The space actually fills with fluid and fibrotic tissue and as you see here,
the mediastinum shifts towards the side of the pneumonectomy.
So you can also have a mixed pattern.
You can have a mix of fluid and atelectasis and because of this,
you would have no shift of mediastinal structures because one would counteract the other.
So in this case, it can be a little bit more difficult to determine exactly what's going on.
A CT would help you.
So let's just review again.
So with atelectasis, you have shift of the mediastinal structures
towards the side of the atelectasis or towards the side of the opacification.
You really don't have any other findings that can help you.
With the pleural effusion, you have shift away from the pleural effusion
because the effusion causes mass effect.
In effusion, you may see a meniscus if the entire hemithorax is not fully opacified.

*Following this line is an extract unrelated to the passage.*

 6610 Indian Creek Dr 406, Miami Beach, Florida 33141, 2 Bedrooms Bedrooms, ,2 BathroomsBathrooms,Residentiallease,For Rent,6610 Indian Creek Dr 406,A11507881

Pneumonia, you have no shift of mediastinal structures
but you may have air bronchograms that can help you and with pneumonectomy,
just as in atelectasis, you again have shift towards the side of the pneumonectomy
but you will see surgical changes such as a rib resection or surgical clips.
With a mixed pattern, the shift is uncertain.
It depends on how much of an effusion
or how much of a pneumonia you have versus how much of an atelectasis you have.
There really are no other findings
and the best way to determine what's going on is to do a CT of the chest.